Aterrado por lo que el señor de Norpois acababa de decirme respecto al trocito que yo le enseñé, y pensando además en las dificultades con que tropezaba cuando quería escribir un ensayo o reflexionar seriamente, una vez más me di cuenta de mi nulidad intelectual, de que no había nacido para literato. Claro que en Combray algunas impresiones muy humildes o una lectura de Bergotte me transportaban a un estado de arrobamiento que a mí se me antojaba de valor considerable. Pero ese estado lo reflejaba mi poema en prosa; e indudablemente, de haber existido, el señor de Norpois habría sabido coger y distinguir enseguida en aquellas impresiones lo que a mí me parecía bonito por un espejismo engañoso, puesto que el embajador no era víctima de ese engaño. Al contrario, acababa de enseñarme en qué lugar tan ínfimo estaba yo (al verme juzgado desde fuera, objetivamente, por un hombre tan perito en la materia, tan bien dispuesto y tan inteligente como aquél) Tuve una sensación de consternación y pequeñez; mi alma, al igual que un fluido que no tiene otras dimensiones que las de la vasija que le dan, se dilató antes hasta llenar las capacidades inmensas del genio, y se encogía ahora para caber entera en la estrecha mediocridad que la talló y le dio por cárcel el señor de Norpois.
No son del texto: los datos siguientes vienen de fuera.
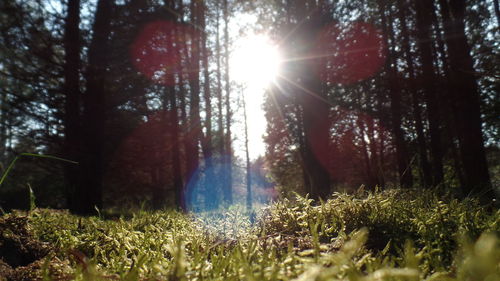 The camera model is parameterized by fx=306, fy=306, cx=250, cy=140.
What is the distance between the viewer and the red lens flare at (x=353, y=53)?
13.0 meters

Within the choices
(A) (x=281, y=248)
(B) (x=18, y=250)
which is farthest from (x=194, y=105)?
(A) (x=281, y=248)

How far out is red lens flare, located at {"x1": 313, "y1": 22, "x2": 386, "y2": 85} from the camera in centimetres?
1305

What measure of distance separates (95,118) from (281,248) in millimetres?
8752

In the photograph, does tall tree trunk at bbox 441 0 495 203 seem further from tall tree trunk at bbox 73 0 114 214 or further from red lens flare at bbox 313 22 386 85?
tall tree trunk at bbox 73 0 114 214

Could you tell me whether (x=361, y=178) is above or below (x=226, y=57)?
below

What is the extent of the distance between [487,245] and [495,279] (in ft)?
0.63

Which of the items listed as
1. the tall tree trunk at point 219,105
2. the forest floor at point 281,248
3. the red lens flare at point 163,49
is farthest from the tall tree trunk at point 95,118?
the tall tree trunk at point 219,105

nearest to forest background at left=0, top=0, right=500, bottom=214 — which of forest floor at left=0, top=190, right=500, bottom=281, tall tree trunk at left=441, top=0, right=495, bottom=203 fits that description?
tall tree trunk at left=441, top=0, right=495, bottom=203

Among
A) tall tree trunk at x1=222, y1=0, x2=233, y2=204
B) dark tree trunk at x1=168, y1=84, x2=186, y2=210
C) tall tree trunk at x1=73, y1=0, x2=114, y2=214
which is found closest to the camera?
tall tree trunk at x1=73, y1=0, x2=114, y2=214

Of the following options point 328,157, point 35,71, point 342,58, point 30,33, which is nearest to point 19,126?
point 35,71

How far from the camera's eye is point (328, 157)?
10117mm

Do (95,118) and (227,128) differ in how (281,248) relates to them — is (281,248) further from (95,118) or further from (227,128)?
(227,128)

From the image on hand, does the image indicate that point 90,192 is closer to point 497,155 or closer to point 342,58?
point 342,58

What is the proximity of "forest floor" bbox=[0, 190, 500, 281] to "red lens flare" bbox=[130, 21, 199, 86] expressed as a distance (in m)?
11.3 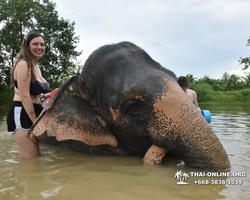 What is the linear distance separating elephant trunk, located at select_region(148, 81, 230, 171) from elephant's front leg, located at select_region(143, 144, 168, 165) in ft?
0.22

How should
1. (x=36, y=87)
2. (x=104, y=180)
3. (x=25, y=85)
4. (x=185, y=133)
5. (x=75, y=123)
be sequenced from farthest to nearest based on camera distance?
(x=36, y=87), (x=25, y=85), (x=75, y=123), (x=185, y=133), (x=104, y=180)

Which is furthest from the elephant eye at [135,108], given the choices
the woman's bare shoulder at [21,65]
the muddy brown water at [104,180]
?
the woman's bare shoulder at [21,65]

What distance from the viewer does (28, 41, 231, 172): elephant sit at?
9.22ft

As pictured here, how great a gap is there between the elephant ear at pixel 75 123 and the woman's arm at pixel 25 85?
0.27 m

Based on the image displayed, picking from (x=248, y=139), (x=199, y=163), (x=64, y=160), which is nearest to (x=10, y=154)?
(x=64, y=160)

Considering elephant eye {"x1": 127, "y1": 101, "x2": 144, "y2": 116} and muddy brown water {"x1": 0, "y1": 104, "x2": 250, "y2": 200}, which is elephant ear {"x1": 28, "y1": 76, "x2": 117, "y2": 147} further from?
elephant eye {"x1": 127, "y1": 101, "x2": 144, "y2": 116}

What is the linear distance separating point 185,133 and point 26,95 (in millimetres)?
1923

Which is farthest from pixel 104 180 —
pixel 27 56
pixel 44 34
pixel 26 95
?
pixel 44 34

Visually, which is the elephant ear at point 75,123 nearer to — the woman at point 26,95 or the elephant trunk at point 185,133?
the woman at point 26,95

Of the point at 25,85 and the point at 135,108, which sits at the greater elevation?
the point at 25,85

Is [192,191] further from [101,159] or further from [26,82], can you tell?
[26,82]

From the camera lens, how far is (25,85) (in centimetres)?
368

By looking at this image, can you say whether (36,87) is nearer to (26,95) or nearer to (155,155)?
(26,95)

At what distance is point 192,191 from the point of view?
233 cm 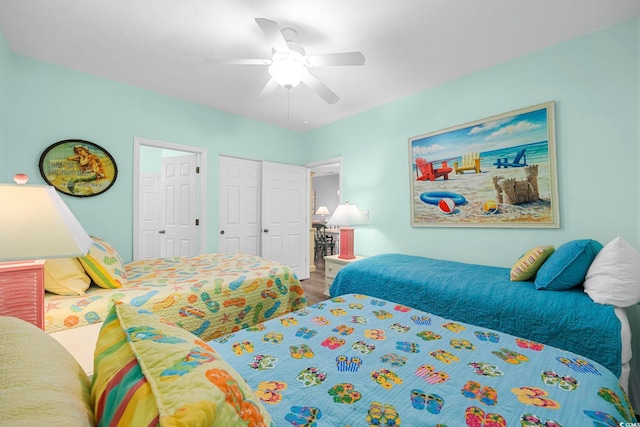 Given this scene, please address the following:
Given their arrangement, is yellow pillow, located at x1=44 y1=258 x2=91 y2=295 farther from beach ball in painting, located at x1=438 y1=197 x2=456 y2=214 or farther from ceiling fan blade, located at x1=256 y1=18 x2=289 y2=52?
beach ball in painting, located at x1=438 y1=197 x2=456 y2=214

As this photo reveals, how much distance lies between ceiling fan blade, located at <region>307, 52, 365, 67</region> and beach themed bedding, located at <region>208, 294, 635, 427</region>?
1.79 meters

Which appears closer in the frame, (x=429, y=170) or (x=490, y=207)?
(x=490, y=207)

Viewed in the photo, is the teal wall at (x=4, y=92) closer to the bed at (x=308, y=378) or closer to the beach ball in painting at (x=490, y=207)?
the bed at (x=308, y=378)

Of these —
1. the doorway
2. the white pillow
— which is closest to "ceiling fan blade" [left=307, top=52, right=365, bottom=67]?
the white pillow

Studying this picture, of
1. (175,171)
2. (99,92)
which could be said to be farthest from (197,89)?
(175,171)

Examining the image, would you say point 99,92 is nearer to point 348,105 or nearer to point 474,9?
point 348,105

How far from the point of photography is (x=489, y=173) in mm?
2707

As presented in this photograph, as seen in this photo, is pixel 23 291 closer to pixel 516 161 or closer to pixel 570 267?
pixel 570 267

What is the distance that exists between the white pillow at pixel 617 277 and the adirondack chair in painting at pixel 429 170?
1547 mm

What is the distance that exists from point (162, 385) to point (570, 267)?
2.33 metres

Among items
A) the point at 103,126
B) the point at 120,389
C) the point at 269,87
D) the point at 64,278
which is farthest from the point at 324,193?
the point at 120,389

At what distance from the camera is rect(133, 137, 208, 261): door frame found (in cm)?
314

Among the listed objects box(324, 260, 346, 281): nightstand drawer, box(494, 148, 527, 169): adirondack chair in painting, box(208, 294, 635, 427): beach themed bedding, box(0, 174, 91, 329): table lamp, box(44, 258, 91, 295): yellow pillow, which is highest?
box(494, 148, 527, 169): adirondack chair in painting

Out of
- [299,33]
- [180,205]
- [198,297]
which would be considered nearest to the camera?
[198,297] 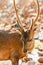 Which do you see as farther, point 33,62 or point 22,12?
point 22,12

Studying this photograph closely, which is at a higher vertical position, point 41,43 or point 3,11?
point 3,11

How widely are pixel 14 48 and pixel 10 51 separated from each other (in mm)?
51

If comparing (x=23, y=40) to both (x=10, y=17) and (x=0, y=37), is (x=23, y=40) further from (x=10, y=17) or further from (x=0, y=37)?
(x=10, y=17)

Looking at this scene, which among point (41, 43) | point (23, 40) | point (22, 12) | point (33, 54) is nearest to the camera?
point (23, 40)

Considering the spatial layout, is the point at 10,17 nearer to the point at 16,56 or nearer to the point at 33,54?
the point at 33,54

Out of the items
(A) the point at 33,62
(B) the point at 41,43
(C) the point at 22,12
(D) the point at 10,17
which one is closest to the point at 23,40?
(A) the point at 33,62

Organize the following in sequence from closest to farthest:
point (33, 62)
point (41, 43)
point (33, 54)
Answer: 1. point (33, 62)
2. point (33, 54)
3. point (41, 43)

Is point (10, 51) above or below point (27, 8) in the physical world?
below

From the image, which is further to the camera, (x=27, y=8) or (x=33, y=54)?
(x=27, y=8)

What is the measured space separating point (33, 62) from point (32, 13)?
203cm

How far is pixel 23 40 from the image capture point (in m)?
2.30

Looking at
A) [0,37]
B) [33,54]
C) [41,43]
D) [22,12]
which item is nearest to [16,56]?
[0,37]

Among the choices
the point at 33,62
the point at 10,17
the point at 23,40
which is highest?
the point at 10,17

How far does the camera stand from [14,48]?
7.89 feet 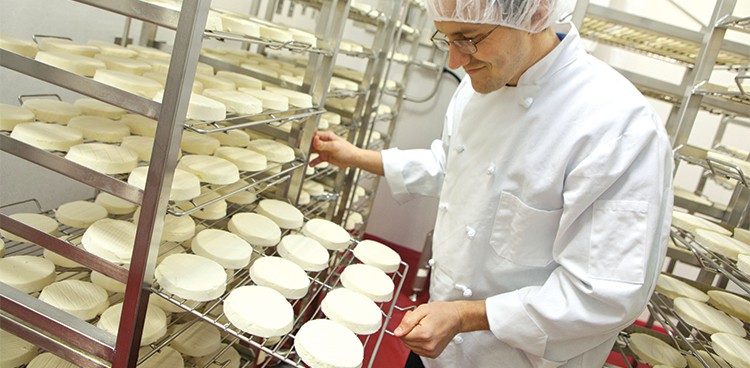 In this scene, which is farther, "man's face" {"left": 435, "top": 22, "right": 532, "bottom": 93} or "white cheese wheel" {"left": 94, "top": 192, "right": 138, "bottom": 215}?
"white cheese wheel" {"left": 94, "top": 192, "right": 138, "bottom": 215}

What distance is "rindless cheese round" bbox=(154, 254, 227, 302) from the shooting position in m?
1.23

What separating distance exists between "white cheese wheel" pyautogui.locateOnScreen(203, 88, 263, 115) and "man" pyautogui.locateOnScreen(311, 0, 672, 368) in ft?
1.77

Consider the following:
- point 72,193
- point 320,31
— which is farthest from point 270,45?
point 72,193

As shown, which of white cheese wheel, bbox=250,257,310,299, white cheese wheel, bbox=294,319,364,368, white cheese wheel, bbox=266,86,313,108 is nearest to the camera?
white cheese wheel, bbox=294,319,364,368

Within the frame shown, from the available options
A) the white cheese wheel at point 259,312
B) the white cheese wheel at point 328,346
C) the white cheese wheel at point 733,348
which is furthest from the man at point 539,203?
the white cheese wheel at point 733,348

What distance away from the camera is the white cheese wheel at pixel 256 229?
1.61 m

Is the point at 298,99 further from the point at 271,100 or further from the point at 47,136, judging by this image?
the point at 47,136

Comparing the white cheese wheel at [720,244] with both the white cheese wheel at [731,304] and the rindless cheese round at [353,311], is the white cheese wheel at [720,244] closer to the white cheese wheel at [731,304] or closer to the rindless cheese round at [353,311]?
the white cheese wheel at [731,304]

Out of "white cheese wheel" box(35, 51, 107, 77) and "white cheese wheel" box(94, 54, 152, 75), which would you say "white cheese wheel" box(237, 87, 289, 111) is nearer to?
"white cheese wheel" box(94, 54, 152, 75)

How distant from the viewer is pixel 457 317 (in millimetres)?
1342

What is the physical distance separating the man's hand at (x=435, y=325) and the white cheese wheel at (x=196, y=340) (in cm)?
65

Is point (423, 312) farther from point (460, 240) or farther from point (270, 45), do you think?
point (270, 45)

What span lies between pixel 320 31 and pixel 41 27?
2.97 ft

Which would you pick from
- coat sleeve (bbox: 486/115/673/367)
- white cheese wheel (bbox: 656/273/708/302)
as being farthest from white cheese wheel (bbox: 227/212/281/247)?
white cheese wheel (bbox: 656/273/708/302)
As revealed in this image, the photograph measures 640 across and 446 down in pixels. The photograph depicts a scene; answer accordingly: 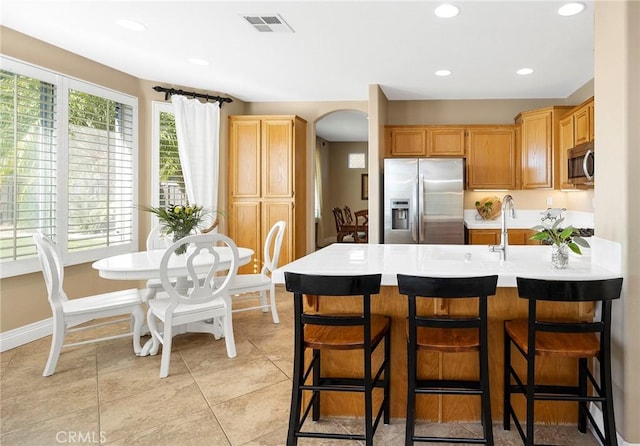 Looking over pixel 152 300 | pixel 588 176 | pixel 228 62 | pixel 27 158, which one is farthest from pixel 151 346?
pixel 588 176

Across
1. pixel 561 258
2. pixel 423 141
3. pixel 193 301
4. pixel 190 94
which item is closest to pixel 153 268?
pixel 193 301

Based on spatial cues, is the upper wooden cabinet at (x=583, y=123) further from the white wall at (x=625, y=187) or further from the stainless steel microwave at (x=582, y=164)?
the white wall at (x=625, y=187)

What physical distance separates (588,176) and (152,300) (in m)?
3.93

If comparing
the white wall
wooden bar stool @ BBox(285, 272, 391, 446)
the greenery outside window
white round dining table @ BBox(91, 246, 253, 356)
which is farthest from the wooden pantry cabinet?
the white wall

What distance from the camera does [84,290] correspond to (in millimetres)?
4156

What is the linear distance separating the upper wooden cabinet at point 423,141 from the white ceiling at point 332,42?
535mm

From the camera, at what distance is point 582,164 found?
3.91 meters

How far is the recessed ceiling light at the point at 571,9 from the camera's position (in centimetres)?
285

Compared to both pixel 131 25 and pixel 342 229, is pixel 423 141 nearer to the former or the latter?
pixel 131 25

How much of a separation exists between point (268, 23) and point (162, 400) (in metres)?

—El vernos frente afrente Bergotte y yo no deja de ser un tanto espinoso (que al fin y al cabo es una manera de ser divertido) —dijo, volviéndose hacia mi padre—. Hace ya unos años Bergotte hizo un viaje a Viena, cuando yo era embajador allí; me le presentó la princesa de Metternich, se inscribió en la embajada y mostró deseos de ser invitado a sus recepciones. Yo como era representante en el extranjero de la nación francesa a la que, después de todo, hace honor con su literatura, en cierto grado (para ser exacto habría que decir que en muy escaso grado), habría pasado por alto la deplorable opinión que tengo de su vida privada. Pero no viajaba solo, y tenía la pretensión de que fuera invitada también su compañera de viaje. Yo creo que no peco de pudibundo, y, además, como soltero, podría abrir las puertas de la embajada con más liberalidad que si hubiese sido casado y con hijos. Pero confieso que la ignominia llevada a cierto grado no puedo con ella; sobre todo, me asquea mucho más por el tono moral o, por decirlo de una vez, moralizador que adopta Bergotte en sus libros, donde no se ven más que análisis perpetuos y, dicho sea entre nosotros, bastante flojos de escrúpulos dolorosos y remordimientos malsanos por pecadillos; verdaderos sermones, que van muy baratos, mientras que da muestras de tanta inconsciencia y tanto cinismo en su vida privada. Me hice el sordo, y la princesa volvió a la carga, pero sin resultado. Así, que ese señor no debe de tenerme en olor de santidad, y no sé cómo habrá tomado la idea de Swann de invitarnos juntos. A no ser que lo haya pedido él mismo, ¡quién sabe!, porque en el fondo es un enfermo. Y ésa es su única excusa.